Image by Author
One of the fields that underpins data science is machine learning. So, if you want to get into data science, understanding machine learning is one of the first steps you need to take.
But where do you start? You start by understanding the difference between the two main types of machine learning algorithms. Only after that, we can talk about individual algorithms that should be on your priority list to learn as a beginner.
The main distinction between the algorithms is based on how they learn.
Image by Author
Supervised learning algorithms are trained on a labeled dataset. This dataset serves as a supervision (hence the name) for learning because some data it contains is already labeled as a correct answer. Based on this input, the algorithm can learn and apply that learning to the rest of the data.
On the other hand, unsupervised learning algorithms learn on an unlabeled dataset, meaning they engage in finding patterns in data without humans giving directions.
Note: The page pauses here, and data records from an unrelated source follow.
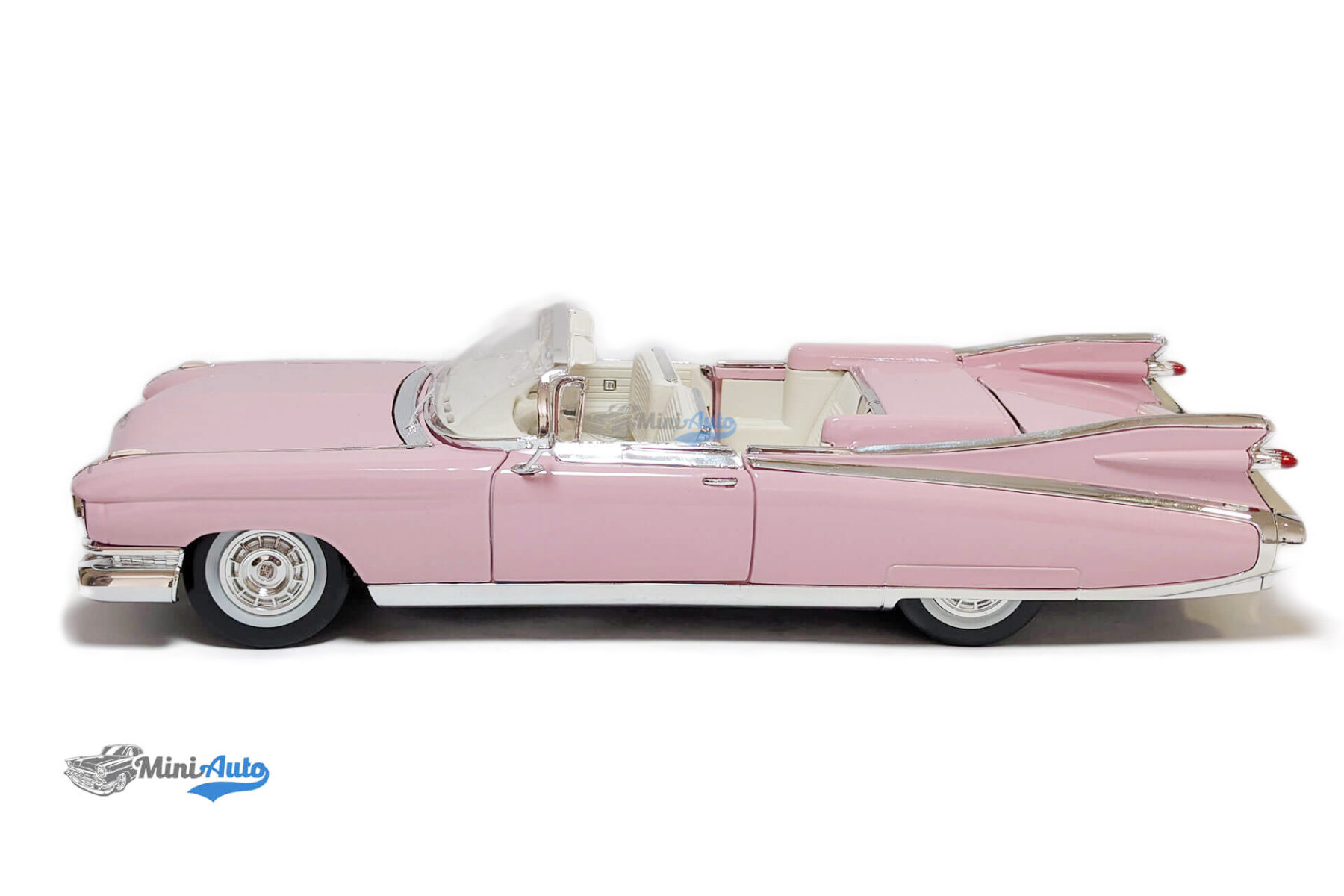 Cadillac Eldorado Biarritz Cabriolet - 1959 - Pink - Image 10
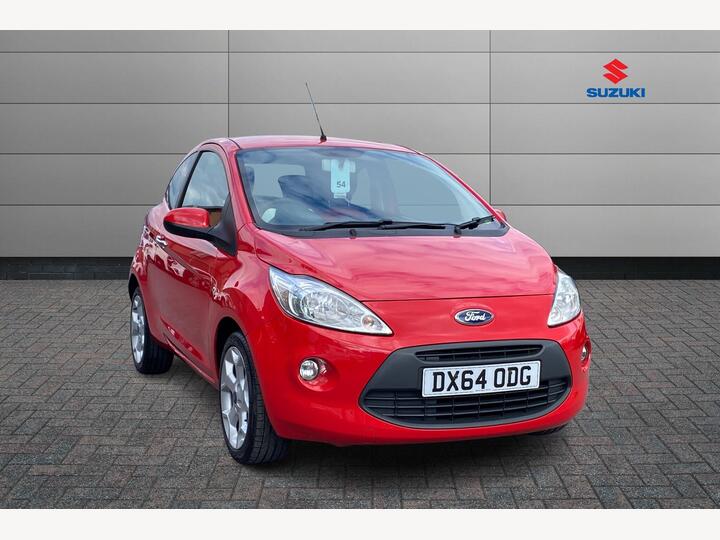 Ford Ka 1.2 Titanium Euro 5 3dr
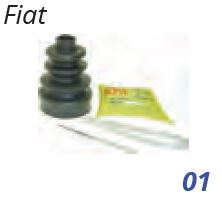 KIT DE HOMOCINÉTICA ELASTICA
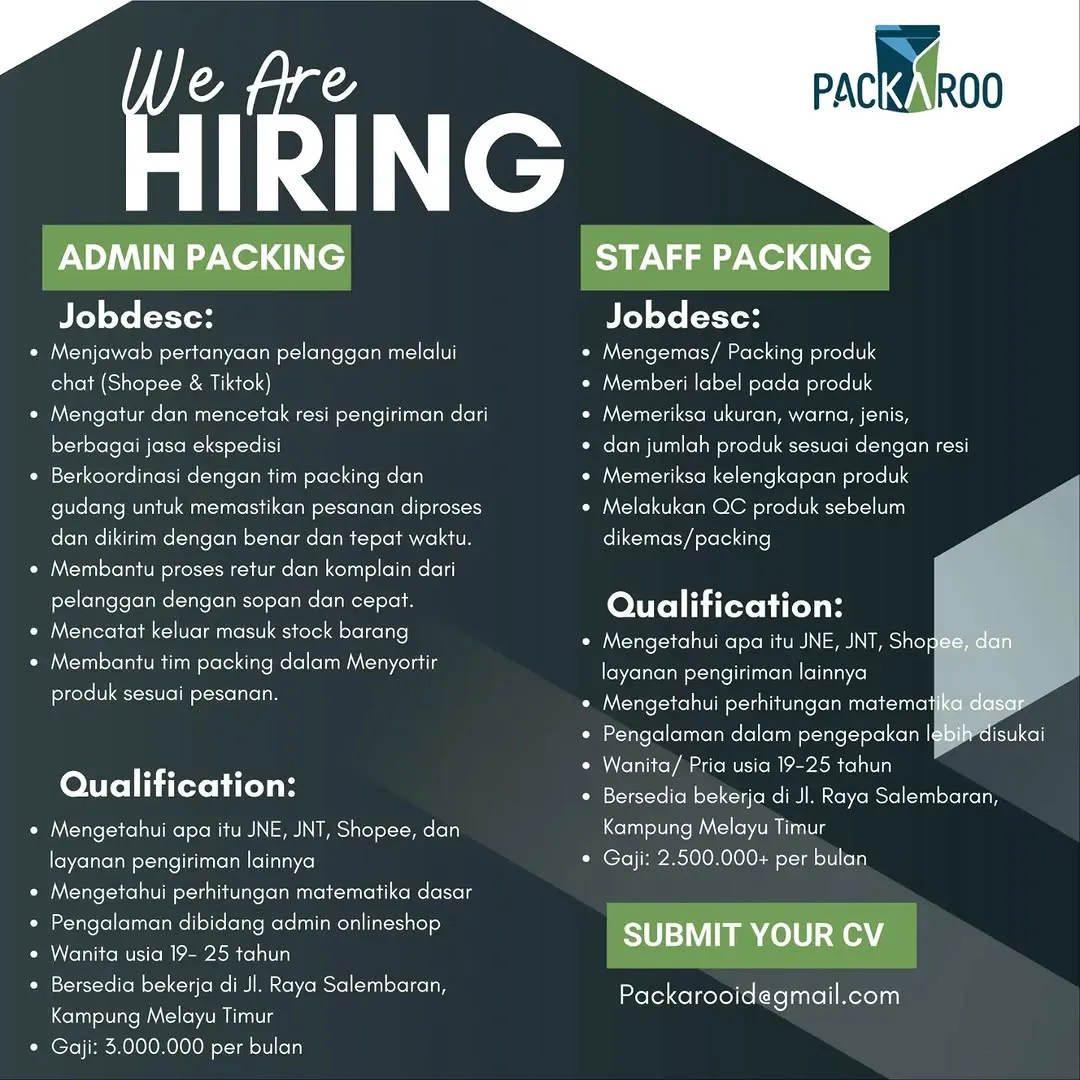 Logo Packaroo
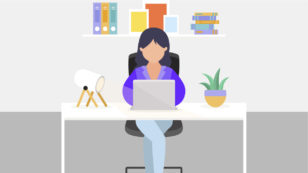 Trabajar desde casa es cada vez más común, aún más para los freelancers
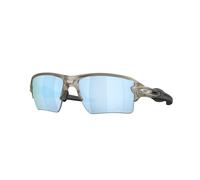 Oakley Man Oakley OO9188 FLAK 2.0 XL 9188J9 Sunglasses O_matter Grey Blue Squared Polarized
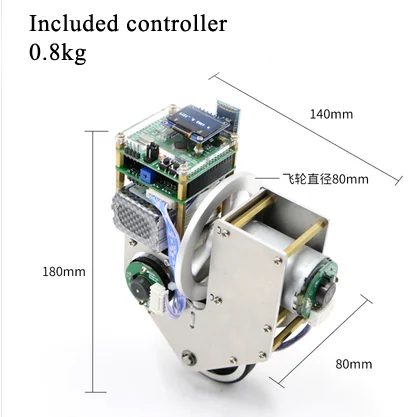 Автоматическая балансировка Stm32, Одноколесный робот с автоматическим управлением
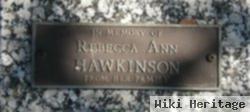 Rebecca Ann Stange Hawkinson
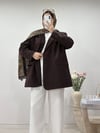 PREMİUM BLAZER CEKET KAHVE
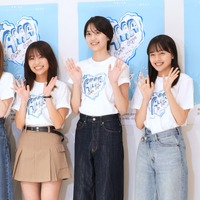 大原優乃、平美乃里、上坂樹里【撮影：小宮山あきの】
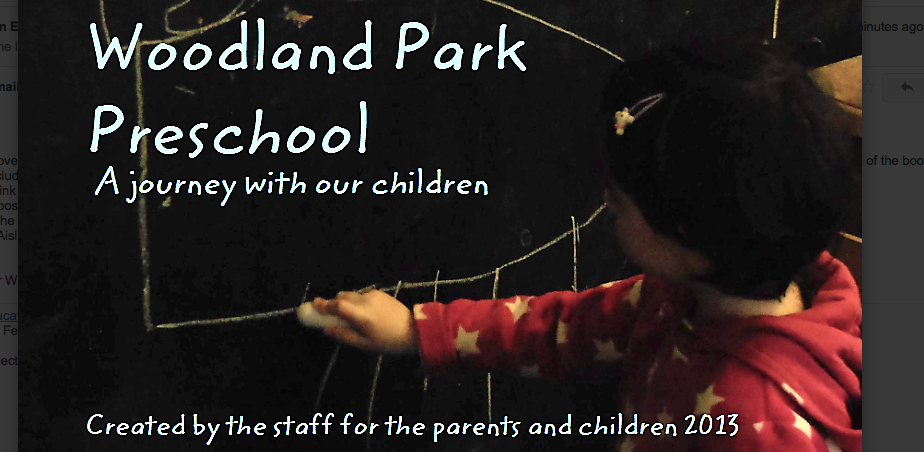 Woodland Preschool Bookcover Woodland Preschool Bookcover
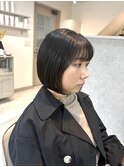 コンパクトなミニボブ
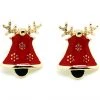 LA Style Rush The Great Fantastic Christmas Bells Post Stud Earring 1 LA Style Rush The Great Fantastic Christmas Bells Post Stud Earring
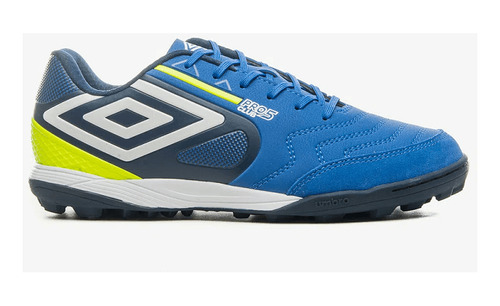 Tenis Chuteira Futebol Society Umbro Pro 5 Bump Club Couro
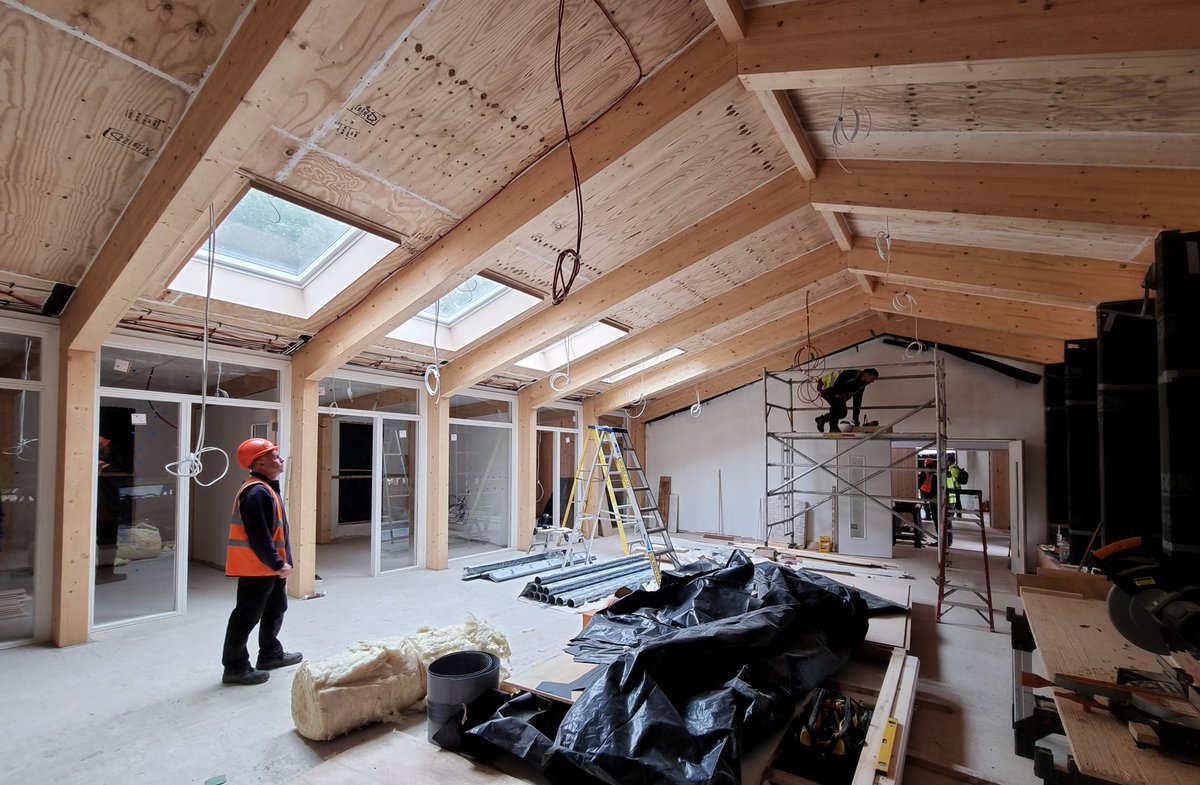 Evans McDowall Architects (@emcd_architects) on Twitter photo Fit out is of the teaching spaces at the Institute of Technology is underway at <a href="/AskhamBryan/">Askham Bryan College</a> College. With <a href="/HACSGroup/">The HACS Group</a> , <a href="/Aspect4Limited/">Aspect 4 Limited</a> , <a href="/AdeptCSCE/">Adept Consulting Engineers</a> , Betton Consulting Fit out is of the teaching spaces at the Institute of Technology is underway at <a href="/AskhamBryan/">Askham Bryan College</a> College. With <a href="/HACSGroup/">The HACS Group</a> , <a href="/Aspect4Limited/">Aspect 4 Limited</a> , <a href="/AdeptCSCE/">Adept Consulting Engineers</a> , Betton Consulting
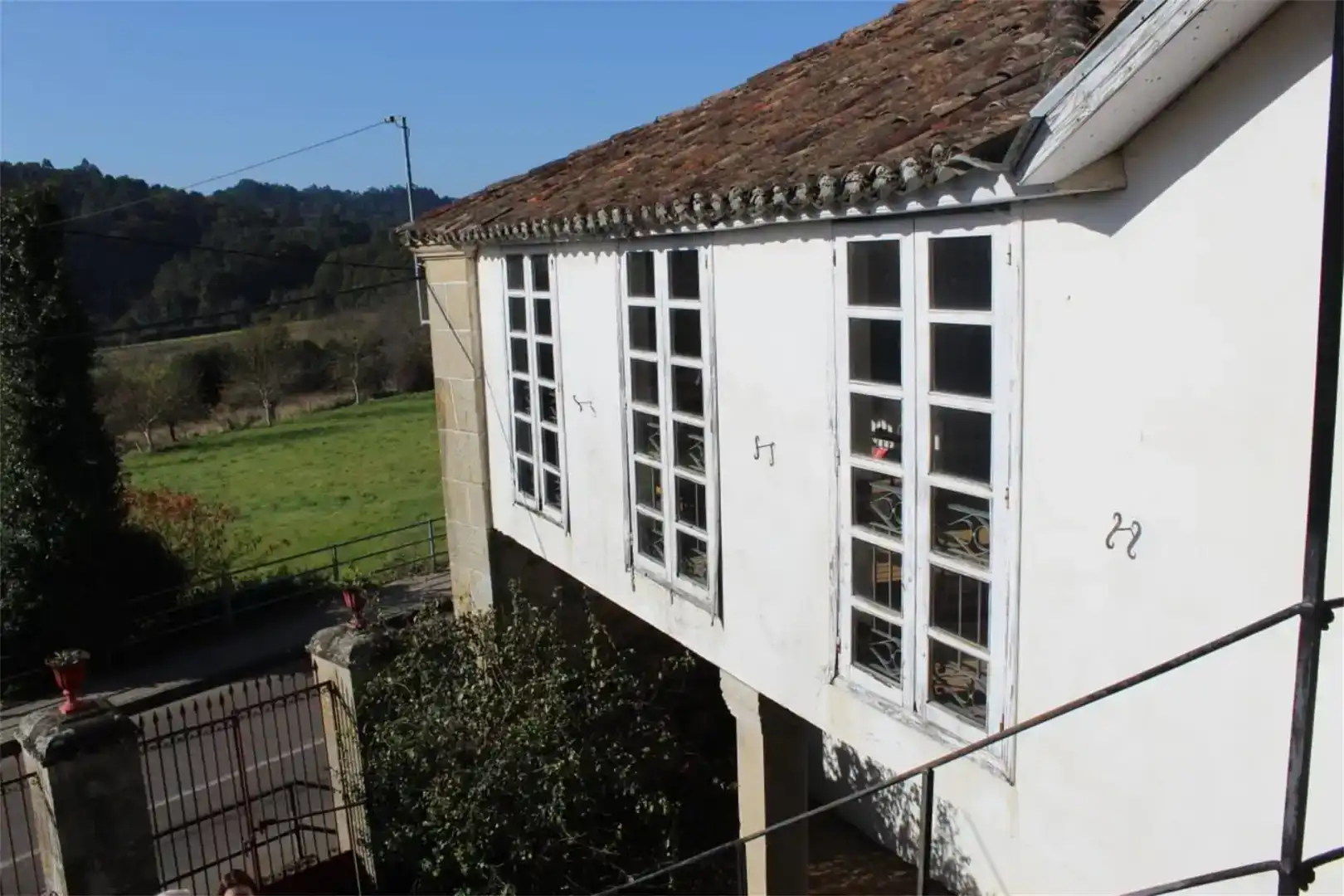 Vista exterior de Casa adosada en venda en Vila de Cruces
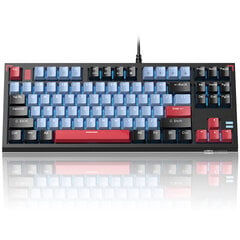 Magegee SKY87 Black-Blue, Blue Lighting, Brown Switch, US hinta ja tiedot | Näppäimistöt | hobbyhall.fi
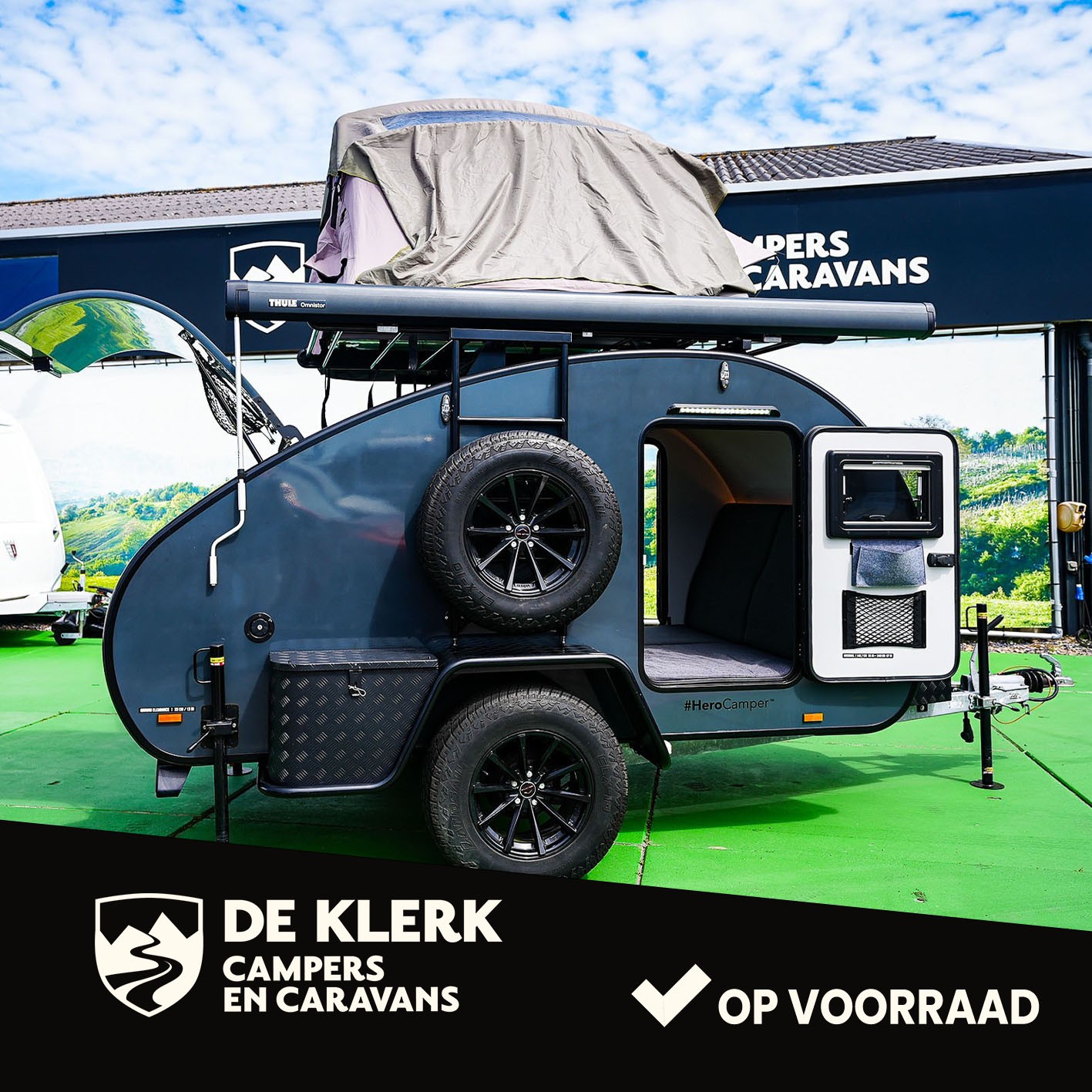 HERO CAMPER RANGER COLUMBUS LIMITED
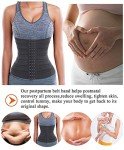 Bafully Women's Waist Trainer Girdle for Tummy Control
You can read more in detail about machine learning algorithms and types of learning.
There are also some other types of machine learning, but not for beginners.
Algorithms are employed to solve two main distinct problems within each type of machine learning.
Again, there are some more tasks, but they are not for beginners.
Image by Author
Supervised Learning Tasks
Regression is the task of predicting a numerical value, called continuous outcome variable or dependent variable. The prediction is based on the predictor variable(s) or independent variable(s).
Think about predicting oil prices or air temperature.
Classification is used to predict the category (class) of the input data. The outcome variable here is categorical or discrete.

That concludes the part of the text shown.